### [WHAT NEEDS TO BE DONE]
Every record below should be printed again exactly, with its pictures removed.

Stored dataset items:
════

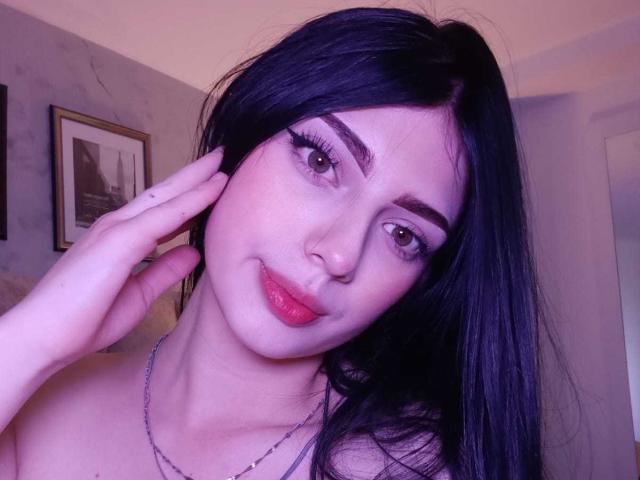 Close-up van Isabella Rossi, bleke huid, zwart haar, rode lipstick, dikke wenkbrauwen, lichte glimlach, hand die wang aanraakt, draag een zilveren ketting, kamer met gedimd licht, ingelijst beeld aan de muur, zacht paars licht. Heel aantrekkelijk..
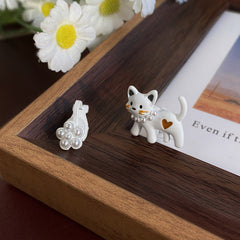 Pendientes asimétricos de gatito floral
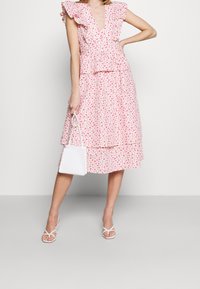 Vaaleanpunainen kukkakuvioinen mekko, jossa on röyhelöhihat, porrastettu malli, kevyt kangas ja syvä pääntie; yhdistetty pieneen valkoiseen käsilaukkuun ja sandaaleihin.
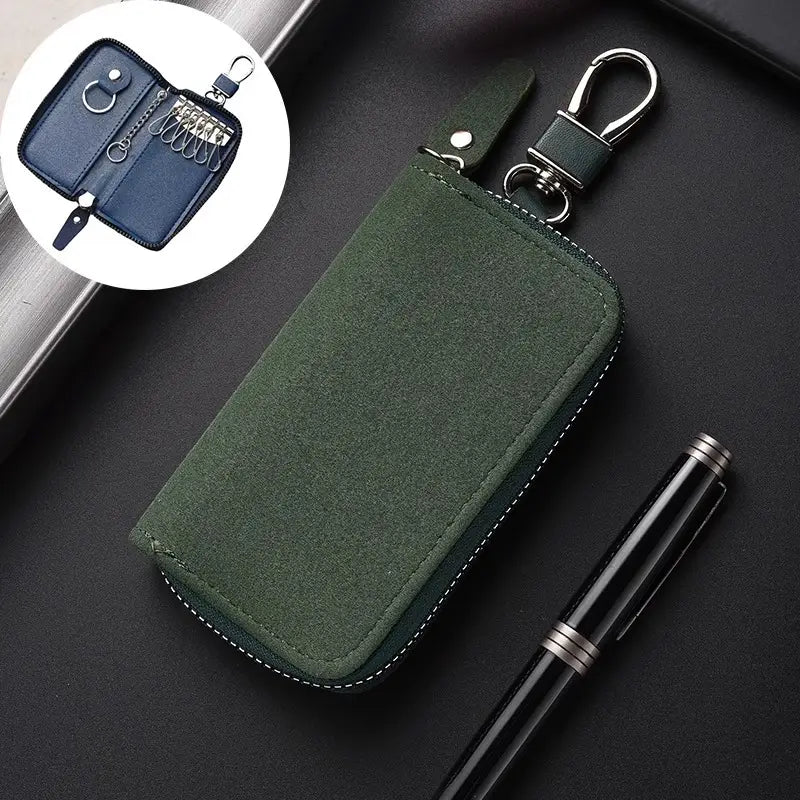 Dark green suede leather key holder organizer pouch with silver-toned zipper and metal carabiner clip.
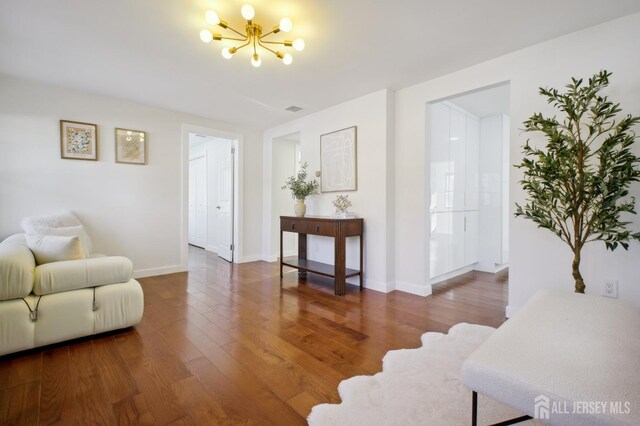 sitting room with dark wood-type flooring and an inviting chandelier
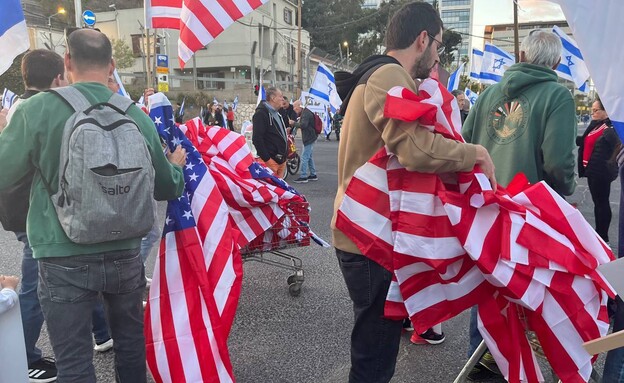לצד דגלי ישראל - מחלקים למפגינים גם דגלים של ארה"ב (צילום: n12)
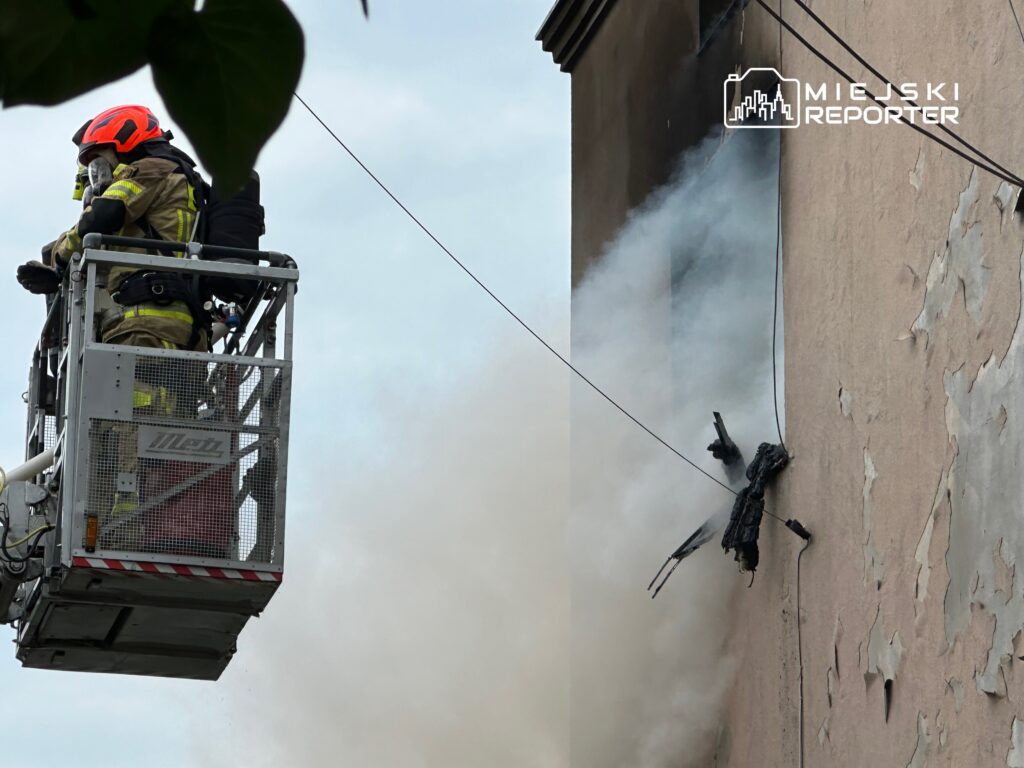 Strażacy w podnośniku gaszą pożar na ścianie budynku, z którego wydobywa się dym.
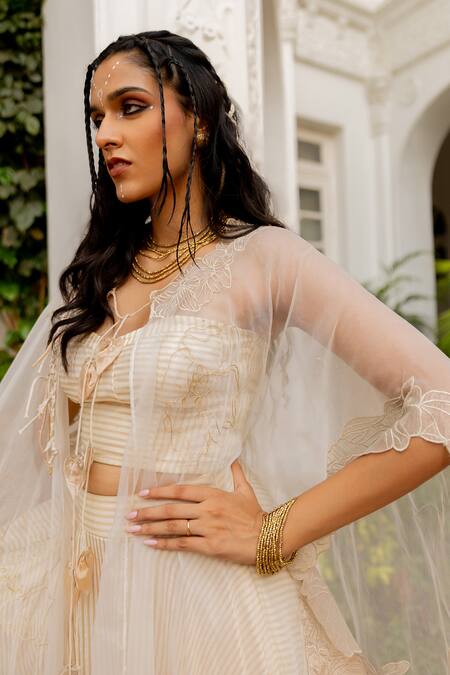 Chambray & CO._Ivory Cotton, Silk, Tissue Embroidery, Tassels Open Yutika Cape And Skirt Set _at_Aza_Fashions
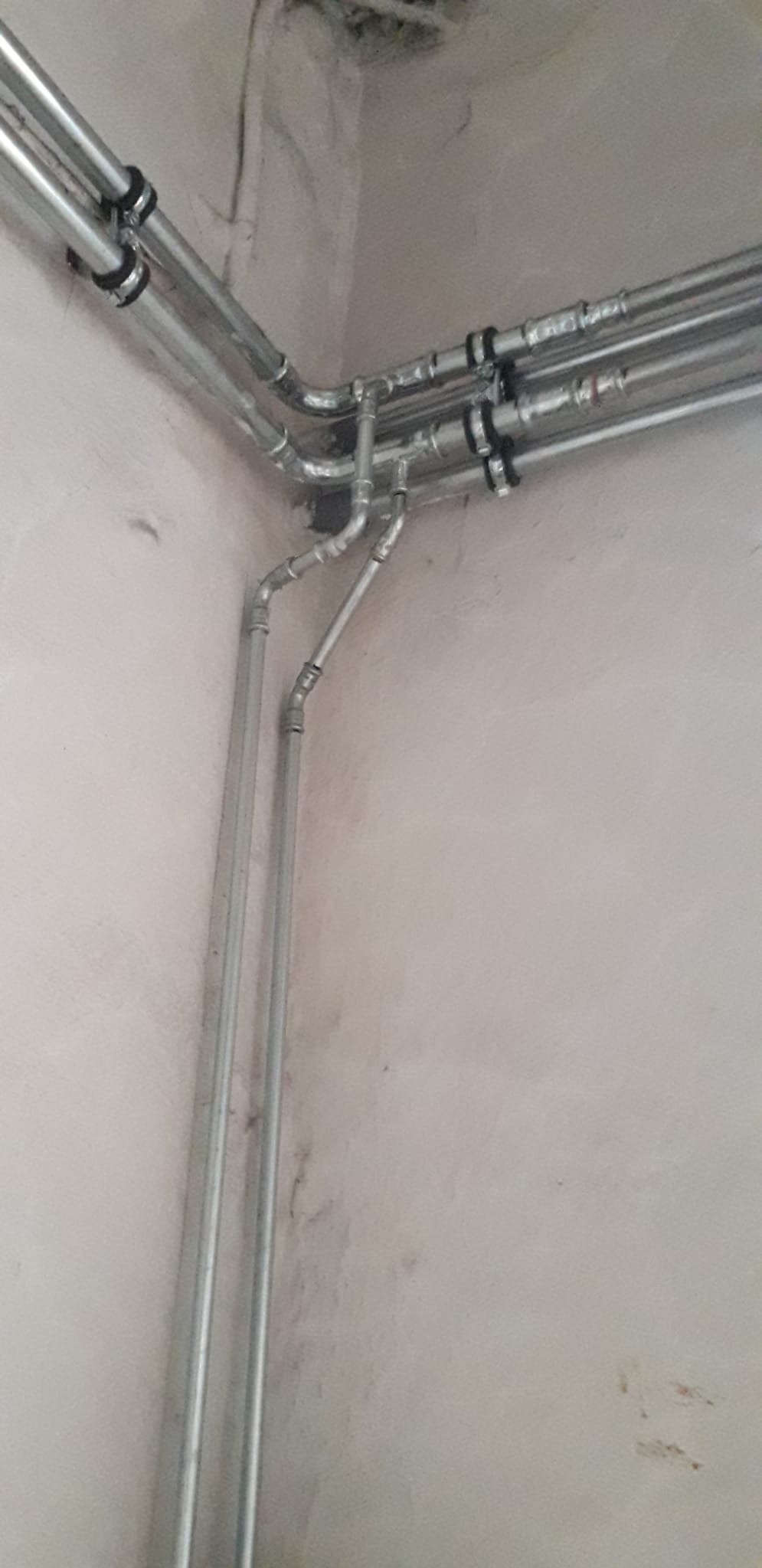 Szare, metalowe rury instalacji, przymocowane do ściany z widocznymi śladami wilgoci w rogu pomieszczenia. Rury prowadzone pod różnymi kątami, z licznymi złączkami i mocowaniami.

════

### [EXERCISE SOLUTION]
 Close-up van Isabella Rossi, bleke huid, zwart haar, rode lipstick, dikke wenkbrauwen, lichte glimlach, hand die wang aanraakt, draag een zilveren ketting, kamer met gedimd licht, ingelijst beeld aan de muur, zacht paars licht. Heel aantrekkelijk..
 Pendientes asimétricos de gatito floral
 Vaaleanpunainen kukkakuvioinen mekko, jossa on röyhelöhihat, porrastettu malli, kevyt kangas ja syvä pääntie; yhdistetty pieneen valkoiseen käsilaukkuun ja sandaaleihin.
 Dark green suede leather key holder organizer pouch with silver-toned zipper and metal carabiner clip.
 sitting room with dark wood-type flooring and an inviting chandelier
לצד דגלי ישראל - מחלקים למפגינים גם דגלים של ארה"ב (צילום: n12)
 Strażacy w podnośniku gaszą pożar na ścianie budynku, z którego wydobywa się dym.
 Chambray & CO._Ivory Cotton, Silk, Tissue Embroidery, Tassels Open Yutika Cape And Skirt Set _at_Aza_Fashions
 Szare, metalowe rury instalacji, przymocowane do ściany z widocznymi śladami wilgoci w rogu pomieszczenia. Rury prowadzone pod różnymi kątami, z licznymi złączkami i mocowaniami.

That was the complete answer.